Elle a confiance en elle et,chaque année,
elle continue à avancer
malgré les vicissitudes
qui jalonnent sa vie.
Après une dernière virée sur Dakar centre-ville
pour récupérer la commande de petits singes en tissu,
nous saluons Coumba au marché artisanal
et effectuons nos derniers achats.
Nous déjeunons à la pointe des Almadies,
avec Zale et Elhage,
pour savourer, une dernière fois,
le plaisir du rythme de l’océan
sur les roches volcaniques.

Puis, nous rentrons chez Zale,
pour finaliser nos bagages,
avant de prendre la route pour Diamniadio.
Nous y passons la soirée
autour d’un modeste poulet yassa,
et quelques heures de sommeil,
avant de nous envoler vers la France,
au petit matin.
Le séjour fut dense
et parfois éreintant intellectuellement.
Notre voyage envisageait de régler
les difficultés de communication
avec notre responsable local,
depuis plusieurs mois,
et de chercher le chemin
du prolongement de nos missions.
L’incompréhension de son silence,
depuis un an,
mais aussi de ses attitudes directives,
se considérant comme fondateur et seul décideur,
a engendré une situation de crise
nécessitant beaucoup de questionnements,
de réflexions, de stratégies, pour l’association, aboutissant à des décisions importantes
et nécessaires pour pérenniser nos actions.
Ainsi, à ce jour, et depuis le 6 novembre dernier,
Adiouma a perdu notre confiance
et n’est plus, officiellement,
notre responsable local.
Nous inscrivons désormais nos missions
avec nos partenaires rencontrés,
lors du séjour (Médecin chef du District de Santé)
pour les actions sanitaires
et continuons à répondre aux besoins
du village de Baback
par la construction prochaine
de l’agrandissement de la Case des Tout-Petits,
en accord avec le Ministère de l’Éducation
et l'agence Nationale de la Petite Enfance.

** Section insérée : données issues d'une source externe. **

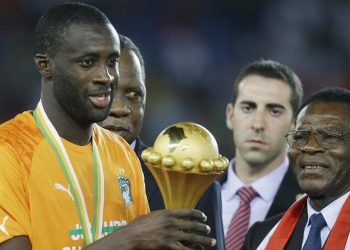 Yaya Toure puts Guinea-Bissau ahead of Ghana in list of favourites for 2023 AFCON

La construction de la 3ème classe
commence le 28 novembre,
en raison du nombre grandissant d'enfants inscrits:
23 en 2014 lors de l'inauguration de la CTP
et 110 actuellement.
Merci à vous tous adhérents Baoback
et à tout ceux qui soutiennent l'association
par vos dons, vos achats aux marchés de Noël
et Fête des Mères.
Vous serez informés régulièrement de l'avancement des travaux, par des photos et comptes rendus.
"Pour qu'un enfant grandisse, il faut tout un village"
Sénégalaisement
Gwenaëlle
présidente de l'Association Baoback.